Think this is a different kind of election? Right about now during the 1976 presidential campaign, fully a third of the electorate was undecided. This year, the undecideds comprise about 7% of the electorate.
What’s the difference? The candidates, the country, the national mood, everything. But 1976 is a good place to start to understand what is happening with the candidates, country, national mood – indeed, everything.
The candidates that year seem to us now to have been painted in earth tones. It didn’t look that way in our bicentennial year. But history has a way of wiping away the extreme coloration of things, to reduce vivid shades to beige and taupe.
On the ballot was Gerald Ford, the incumbent president – the only unelected chief executive in our history, a onetime partisan brawler who transitioned seamlessly into a soothing presence: calm, assuring, tainted mostly by a pardon of his predecessor, Richard Nixon, that seemed like heresy at the time but that history has rewarded and redeemed. His challenger was Jimmy Carter, another soothing presence, offering healing and honesty, himself enough of a bumpkin (the peanut farmer from the rural crossroads of Plains, Georgia, presented an appealing update on the log-cabin images of the 19th century) and enough of a sophisticate (his nuclear engineering background from Annapolis gave him a modern air) to be an unthreatening balance of past and present.
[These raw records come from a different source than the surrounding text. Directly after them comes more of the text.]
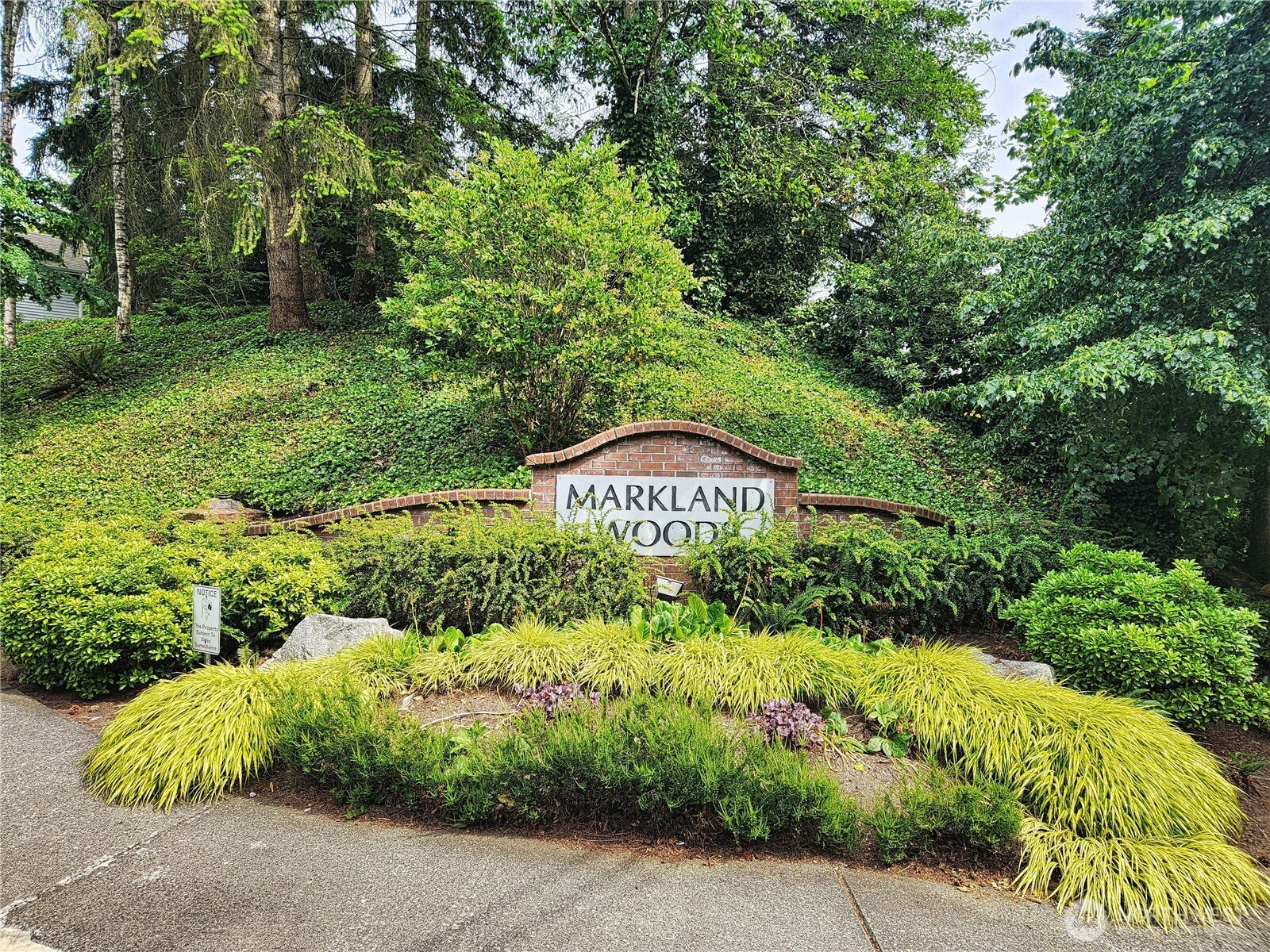 23301 Cedar Way U102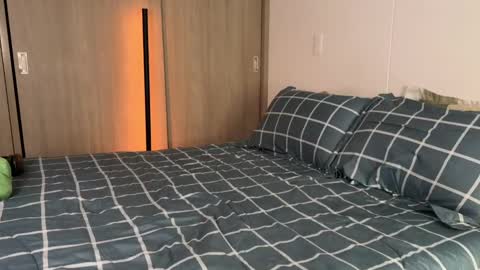 Snapshot of _irene97 chatting on February 28, 2025, 1:47 am Irene online show from February 28, 2025, 1:47 am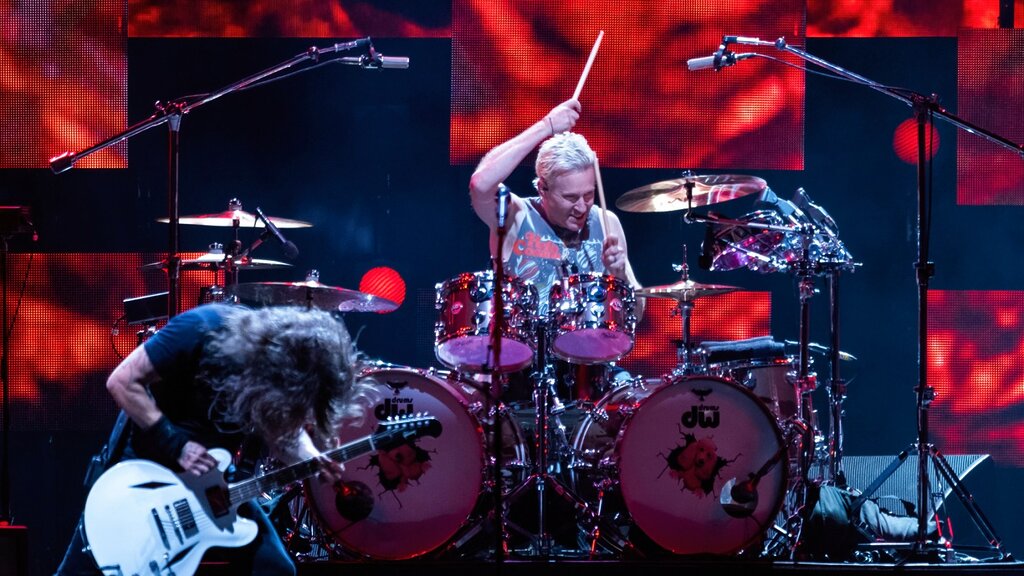 Assistez au solo de batterie de Josh Freese lors du dernier concert public des Foo Fighters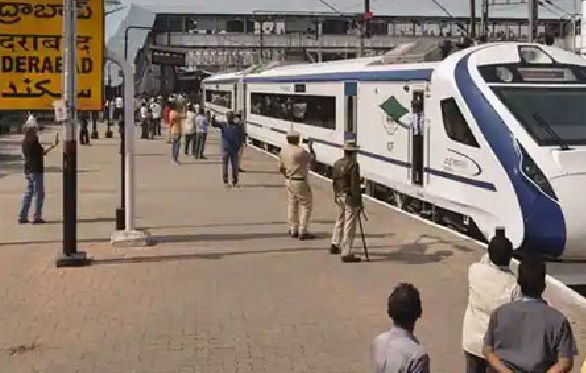 vande-bharat-express-train-get-huge-response-from-passengers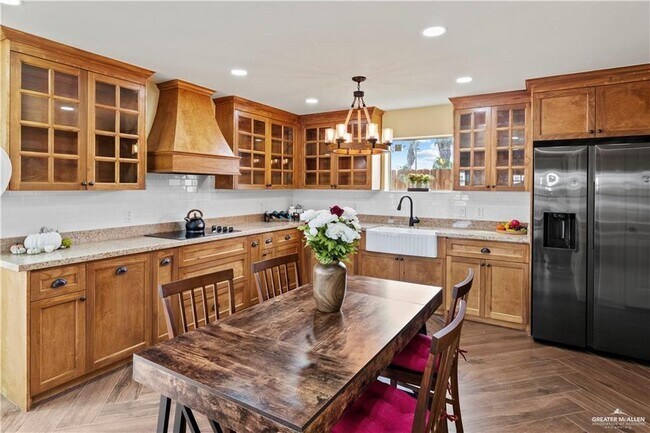 Foto del edificio - 10 Karen Dr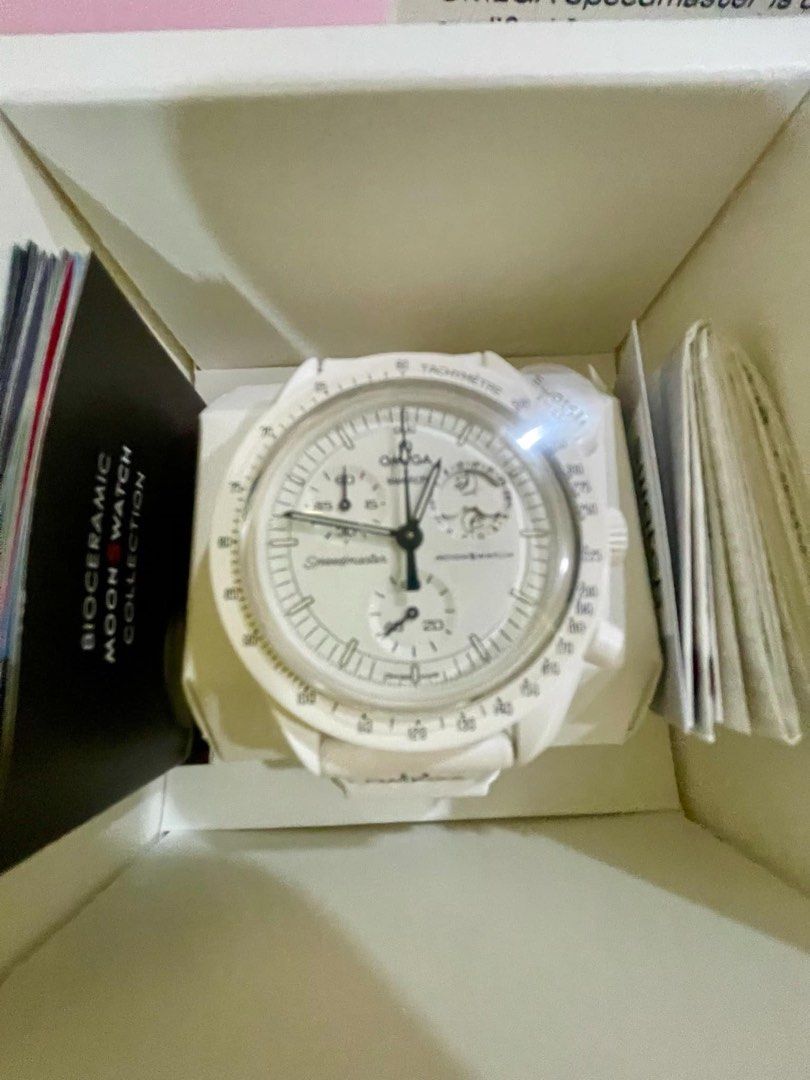 Moon swatch collection snoopy (Category: Luxury Watches) located in Makati City. Submitted by xaannee (Listing ID 1323135308, Image 1). Description: Authentic only Snoopy limited edition Pick up at makati or qc .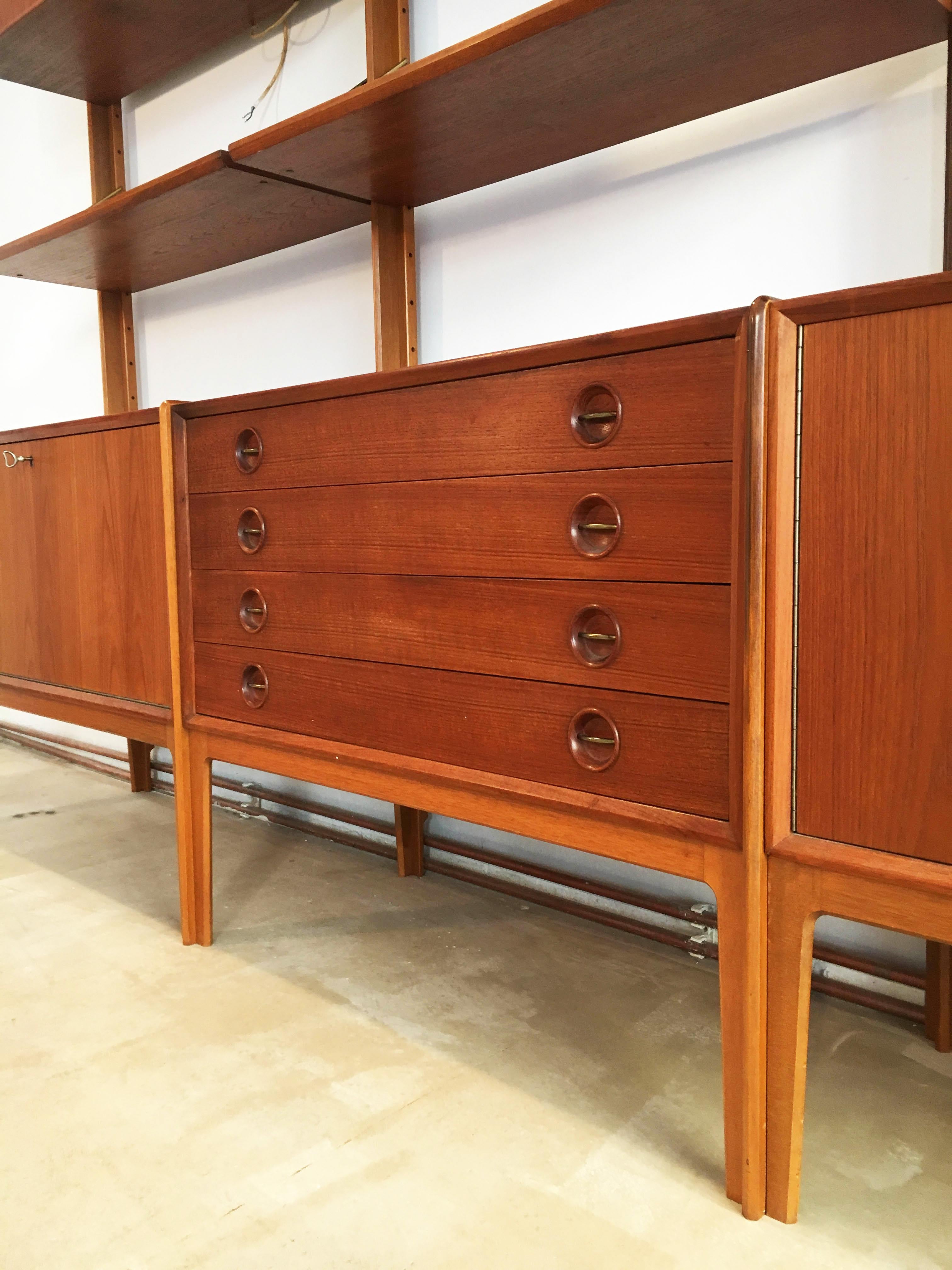 Freestanding teak wall unit by Fredrik A. Kayser for Gustav Bahus, Norway, 1960s For Sale 2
Let’s not forget: Ford was a conservative, at least by that era’s definition. Carter was a liberal, at least by the measure of the times. But in retrospect, they seem almost interchangeable, and though they battled earnestly and urgently, in time they came to respect, even to like, each other. (Years ago I worked on a lengthy magazine piece on how presidents pray during their White House years and had a revealing conversation with Carter. He asked if I had spoken with Ford, and I said I hadn’t been able to get an interview. He offered to call Ford. Soon thereafter, Ford was on the phone with me.)
Now let’s look at politics 2020, and measure it by what I found in my mailbox the other day and what I heard on the telephone a day later.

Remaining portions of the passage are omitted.